|The lounge area is outdoors in the museum's breezeway|
With Ray's Restaurant and Stark Bar, LACMA finally has a restaurant worthy of the sleek new buildings on its campus. And it's really good news for us Variety staffers, since there's not many good places for business lunches -- or post-work cocktails -- within walking distance of our Wilshire offices. Producer Ray Stark wasn't known as the cuddliest of Hollywood honchos -- Tina Brown called him "the hound from Hell" -- but at least his generous daughter Wendy is livening up LACMA with her donation to launch the restaurant with his name under the Patina Group management.
|House-made bread is ultra-fresh|
At lunchtime, the glass-enclosed restaurant is bright and peaceful, half-filled with well-heeled docents and their docile husbands, half with Teva-wearing tourists wondering if a $14 burger is their only option, and even kinda real artists like Mr.
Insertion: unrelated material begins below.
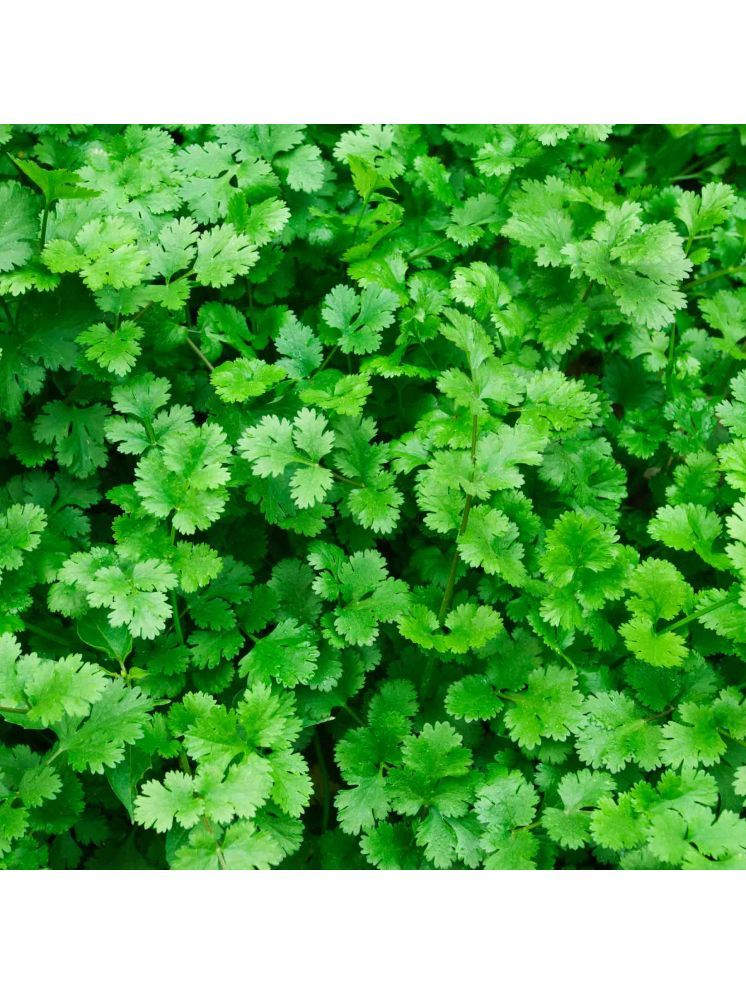     			Jignisha Seeds Organic Coriander Vegetable ( 100 Seeds )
Brainwash. There's also plenty of dining on the patio, while the Stark Bar area is completely outside, though well-stocked with heaters. Chef Kris Morningstar has toned down the nose-to-tail urges he pursued at Mercantile and District -- there's no beef deckle, no venison chile rellenos at Ray's. The simple menu hits all the spots this crowd expects -- a perfectly cooked piece of Arctic char ($19 at lunch), a premium burger, hangar steak, flatbreads, along with more modish plates like duck salad, Cornish hen or pork belly.